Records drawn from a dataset
- - - -
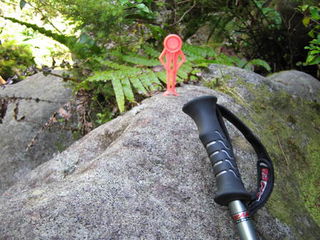 Mr Peg tramping the Coromandels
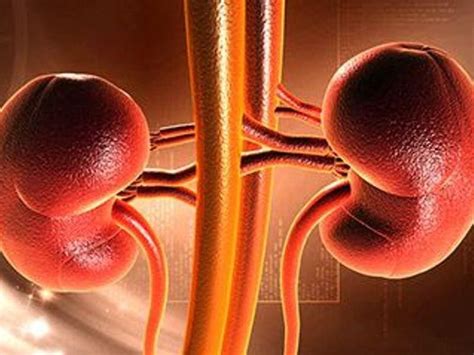 Chronic kidney disease may be overestimated in the elderly
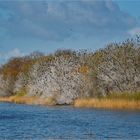 Kormoran Kolonie am Prohner See - des Fischers beste Freunde!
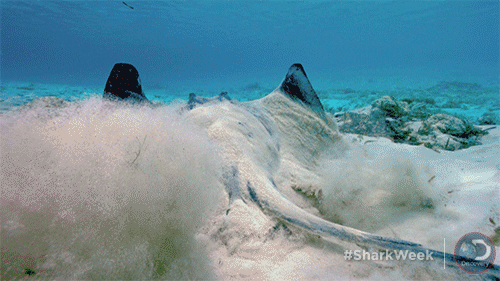 sting ray discovery GIF by Shark Week
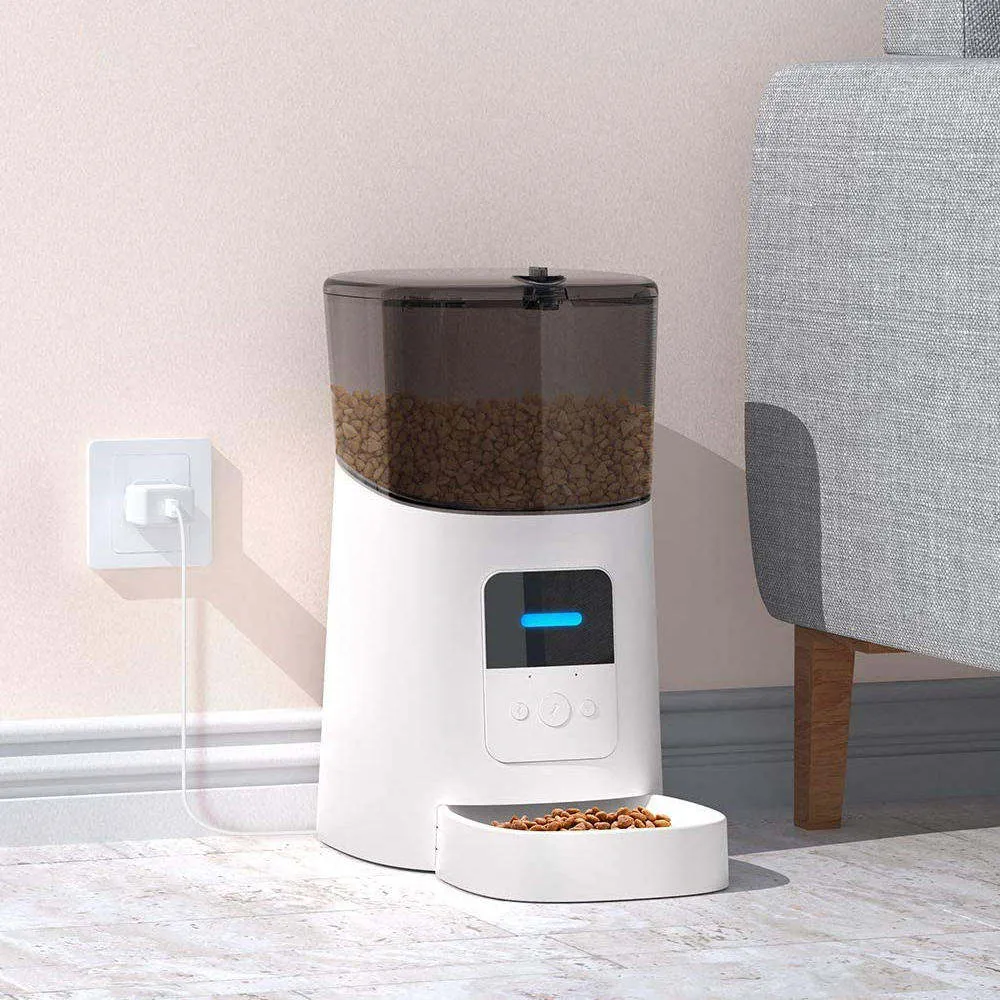 Choosing the Right Cat Litter Supplier for Your Feline Needs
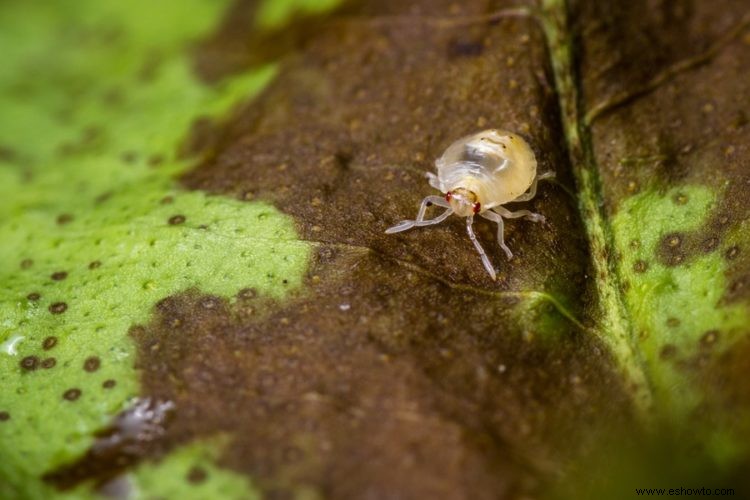 Lo que necesita saber sobre la jardinería de plantas araña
- - - -
**Problem statement:** Exactly reproduce the entries above, minus the pictures.

**Your response:**
 Mr Peg tramping the Coromandels
 Chronic kidney disease may be overestimated in the elderly
 Kormoran Kolonie am Prohner See - des Fischers beste Freunde!
 sting ray discovery GIF by Shark Week
 Choosing the Right Cat Litter Supplier for Your Feline Needs
 Lo que necesita saber sobre la jardinería de plantas araña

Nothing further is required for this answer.